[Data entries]
--------------------------------

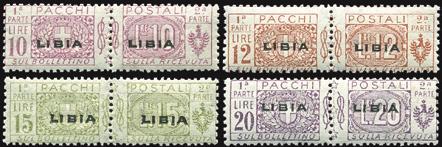 1833-19 - LIBIA, Pittorica 5 nero e azzurro senza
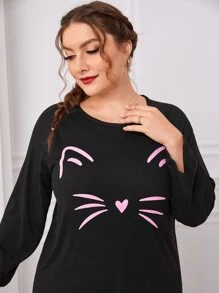 大碼卡通圖案睡裙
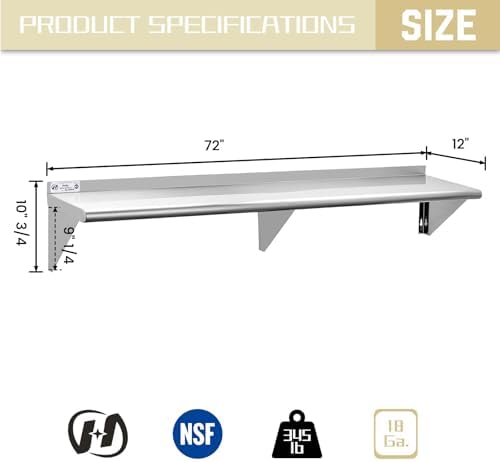 Hally Stainless Steel Shelf 12"x72" NSF Commercial Wall Mount Rack Shelving - Image 3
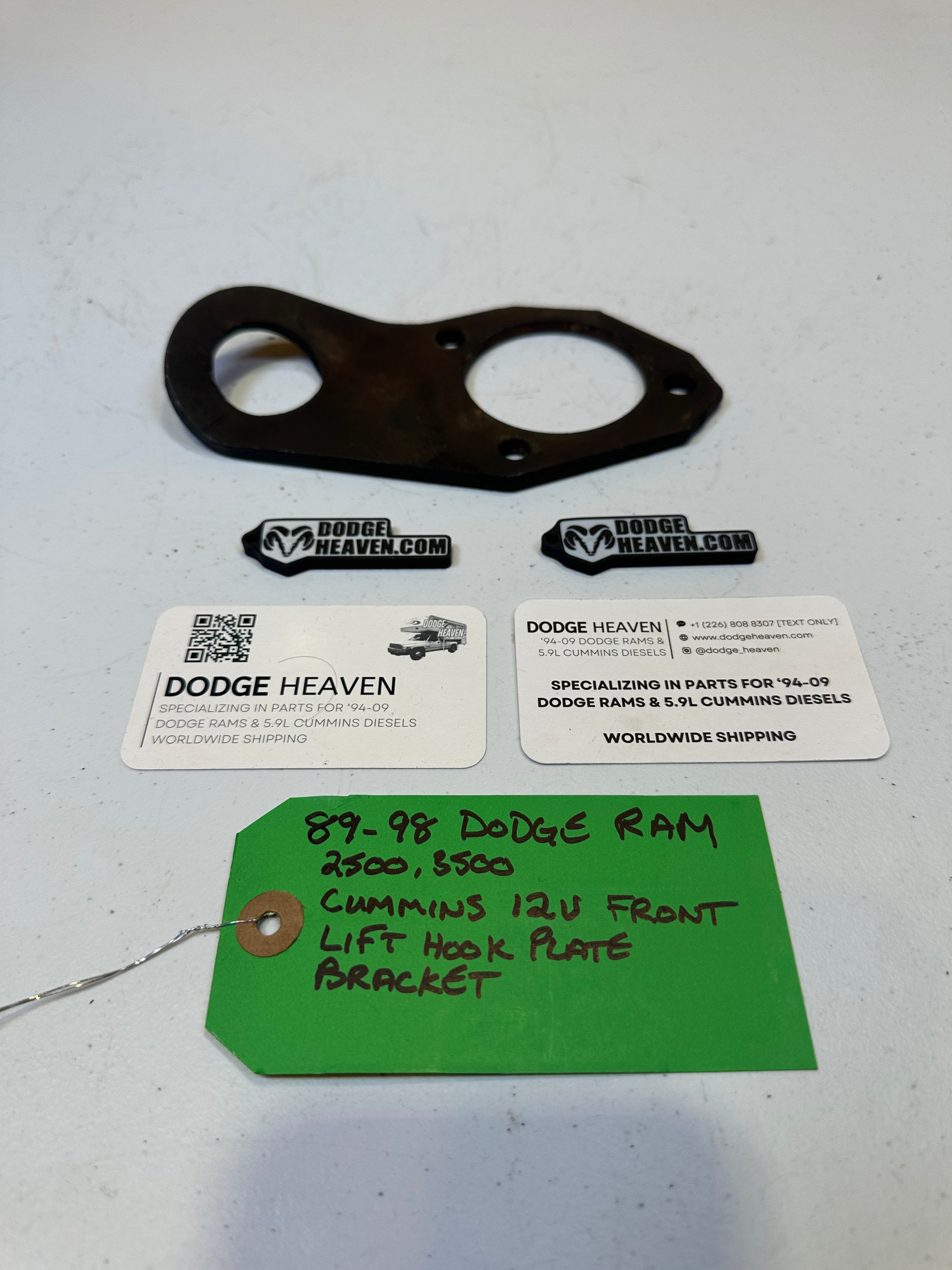 1989-1998 Dodge Ram 12V 5.9L Cummins Front Lift Hook Plate Bracket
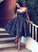 A-Line Sweetheart Mareli Homecoming Dresses Knee Length Black CD1473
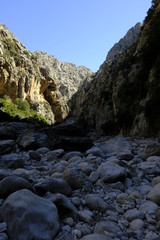Die Felsenschlucht Torrent de Pareis bei Sa Calobra in der Serra de Tramuntana,  Mallorca, Balearen, Spanien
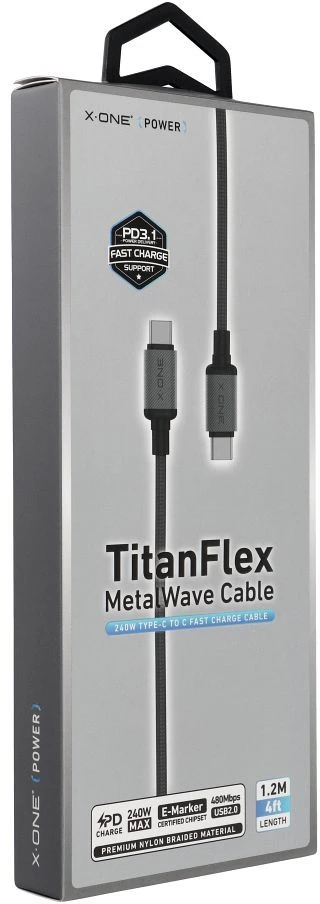 X-ONE TitanFlex data cable - type C to C - 5A max 240W 1,2 m juodas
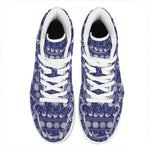 Blue Summer Coconut Pattern Print High Top Leather Sneakers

--------------------------------

◆ **Problem to work on**
Write out exactly the lines beginning with the line that holds "1989-1998 Dodge Ram" and ending with the final line of the data, both ends included, without the pictures.

◆ **Response to this task**
 1989-1998 Dodge Ram 12V 5.9L Cummins Front Lift Hook Plate Bracket
 A-Line Sweetheart Mareli Homecoming Dresses Knee Length Black CD1473
Die Felsenschlucht Torrent de Pareis bei Sa Calobra in der Serra de Tramuntana,  Mallorca, Balearen, Spanien
 X-ONE TitanFlex data cable - type C to C - 5A max 240W 1,2 m juodas
 Blue Summer Coconut Pattern Print High Top Leather Sneakers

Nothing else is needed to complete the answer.